メッキの剥離(はくり)
メッキ業界での「剥離」という言葉には、不良原因の名称としての「剥離不良」と、工程(手段)としての「剥離方法」という2つの意味がありますので下記では、それぞれの「メッキの剥離」について説明をします。
①硬質クロムメッキの「剥離不良」とは
硬質クロムメッキの剥離不良原因には大きく分けて2種類あります。ひとつは硬質クロムメッキにクラック(ちいさな割れ)があり、経年するとその部分から腐食物質がクラックに入り、クラック内で腐食が始まり、素材に到達し、腐食が広がりメッキ膜が剥がれる不良の場合です。
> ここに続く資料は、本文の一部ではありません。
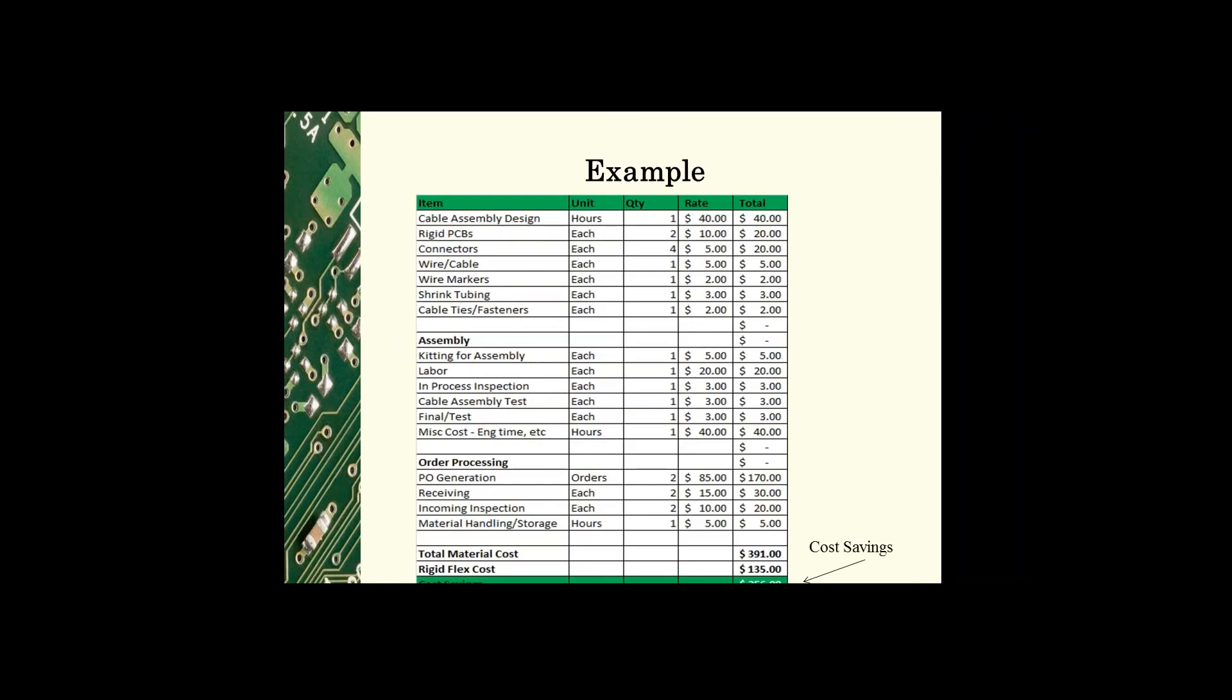On this slide we've given an example of a simple comparison. If the comparison is being done at the bare board level, we would be looking at a cost of $20 for the PCBs compared to $135 for the rigid flex, and the rigid flex does appear cost prohibitive. But if we compare the total cost of assembly including the items that we have been discussing here this morning, the comparison becomes $391 compared to $135 for rigid flex.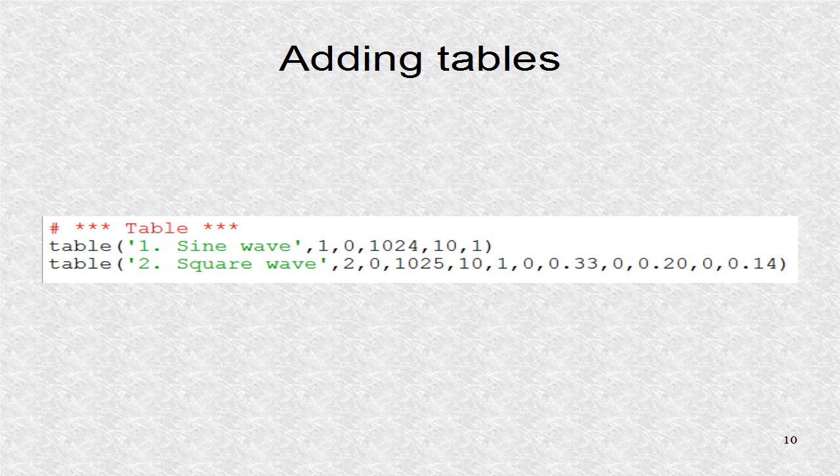The first table is a single sine wave, and the second table is different harmonics composing a square wave.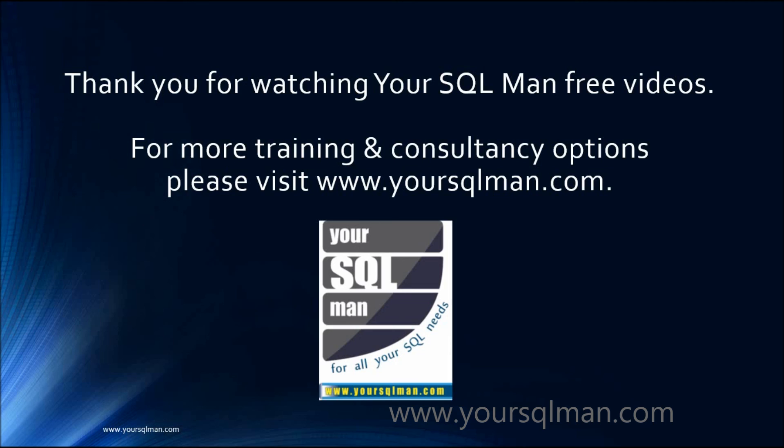Thank you for watching Your SQL Man free videos. For more training and consultancy options, please visit www.yoursqlman.com.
もうひとつは、メッキ前の下地処理が不十分であり、メッキ膜と素材との密着度が低いため剥離不良が発生する場合です。
②メッキの「剥離方法」とは
メッキを行った部分が摩耗し傷がついた製品や、劣化した製品、サビてしまった製品にもう一度メッキ処理をすることで再度利用する場合等にメッキ部分を一旦すべて剥がす剥離工程が必要になります。(その後、バフ掛けなど下地処理が必要)
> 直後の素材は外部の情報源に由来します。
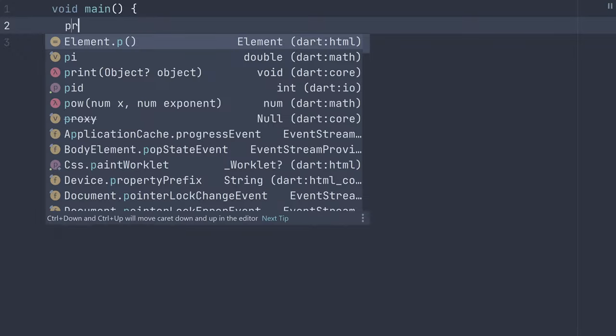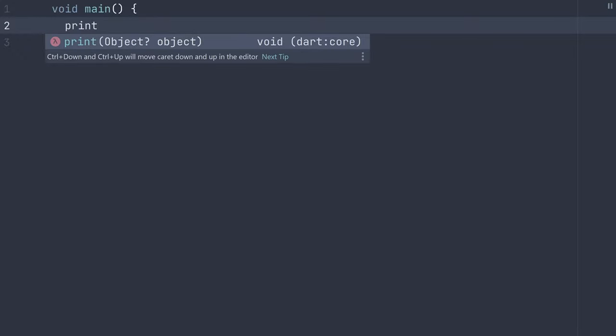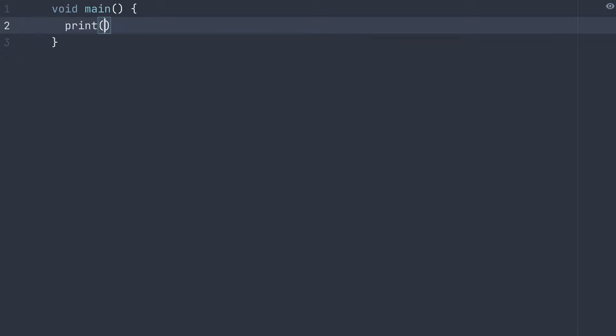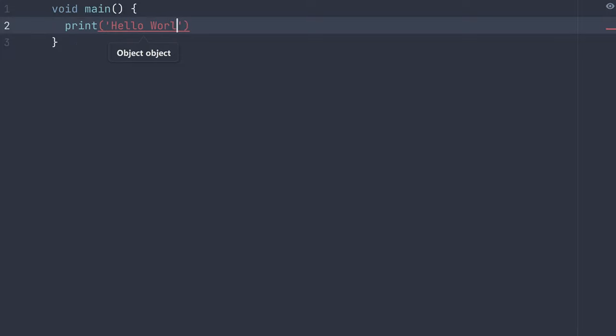In this case, we can use Dart's built-in print function to print to the console. Then, we can pass in any object, in this case, a string saying, Hello World. Then, a semicolon to close it off.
山旺理研では、素材によって硬質クロムメッキの剥離の方法として3手法を用いています。
・苛性ソーダと逆電で剥離を行う
・塩酸の混合液で剥離を行う。
・エッチング(腐食作用を利用した表面加工)処理を行う。
無電解ニッケルメッキの剥離方法も、材質により上記の方法を使い分けています。メッキの剥離には、素材を傷めないように、薬液、電流時間の調整に留意が必要です。